Git Product home page Git Product logo

301-a4's Introduction

Review Assignment Due Date [comment]: <> (Do not remove this!) Points badge

Note: It will take 2-5 minutes for the points to update after you push.

Original assignment by Varick Erickson. Copyright (c) 2021 Varick Erickson.

Deliverables

Deliverable Points
Add/Contains 5
Remove 5
Assignment/MakeEmpty 5
Iterator 5
Overload Add/Remove 5
Union 5
Difference 5
Intersection 5
Rehash 5
Questions 15
Commits 5
Commenting 5
Total 70

The same standards for committing and commenting apply for this assignment as previous assignments. You should have pre/post comments in the header files at minimum as well as general comments. You should be committing and pushing regularly.

Questions (15 points)

  1. (1 pt/entry) Complete the following tables of Big-Oh.

Assume the set has n items and n buckets.

Function Big-Oh (average)
Add O(1)
Remove O(n)
Contains O(n)
  1. (1 pt/entry) Complete the following tables of Big-Oh.

For the following table, assume set A has n items and set B has m items. You can also assume that A has n buckets and B has m buckets. You may also assume n > m. Your answers should be written in terms of m and n. (Note there is no difference between average, worst, and best for these functions.)

Function Big-Oh
Union O(n+m)
Intersection O(min(n,m))
Difference O(n)
Assignment O(n)
  1. Suppose you used the following function for GetHashIndex().
int GetHashIndex(const T& elem)
{
    return 0;
}

How would this affect the Big-oh for the following functions?

Function Big-Oh (average)
Add O(n)
Remove O(n)
Contains O(n)
  1. (1pts) Suppose you have n items and k*n buckets. What would be the load factor in this case?
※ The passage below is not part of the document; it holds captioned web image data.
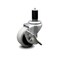 Service Caster 2 Inch Thermoplastic Rubber Wheel 1-1/2 Inch Expanding Stem Caster with Brake SCC-EX05S210-TPRS-SLB-112 - alternate 1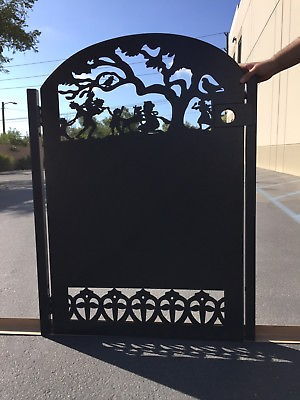#ad Metal Art Gate Iron Garden Decorative Gate laser Cut Metal Designer Gate 36x48 $1149.00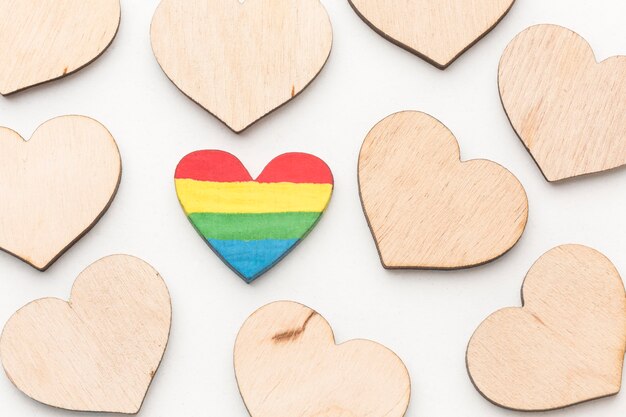 Pride day hearts collection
    Load Factor is still numElems / numBuckets but with n items and kn buckets, the Load Factor would be = n / (kn) = 1/k

  2. (4pts) What would be the optimal number of buckets to have with respect to runtime if you have n items?

    The optimal # of buckets would be to have 1.5 or 2 times the # of buckets as a general rule of thumb. There is no fixed optimal number of buckets for a hash table with respect to runtime when you have n items. It depends on the specific requirements and characteristics of the application, and it may require experimentation and tuning to find the optimal number of buckets for a particular use case.

Recommended Implementation Order

This is the recommend implementation order for the SetType class.

  1. SetType()/SetType(int numBucks)
  2. Size()
  3. Add(T elem)
  4. Contains(T elem)
  5. Remove(T elem)
  6. MakeEmpty()
  7. SetType& operator=(const SetType& other)
  8. SetType& operator+(T elem)
  9. SetType& operator-(T elem)
  10. SetType& operator+(T SetType&)
  11. SetType& operator-(T SetType&)
  12. void ResetIterator()
  13. T GetNextItem()
  14. Rehash(int newNumBuckets)/LoadFactor()/SetMaxLoad(double max)

SetType

For this assignment, you will be implementing a set using an array of link lists and a hash function to figure out what "bucket" and element should go into. The set is a template and can store any type. The following is a diagram of the data structure (in this instance the T for the forward list happens to be a char):

img.png

The set stores the elements using an array of singly linked list. Rather than create our own singly linked list, we will use the STL (standard template library) forward_list. The next section describes how to use a forward_list and some examples that will help with your implementation.

The STL forward_list

In industry, you will rarely implement data structures completely from scratch. For common data structures, there are many implementations already readily available. When programming in C++, the most common libraries you will use are from the Standard Template Library (STL). This library contains implementations of many common data structures such as trees, sets, link lists, etc.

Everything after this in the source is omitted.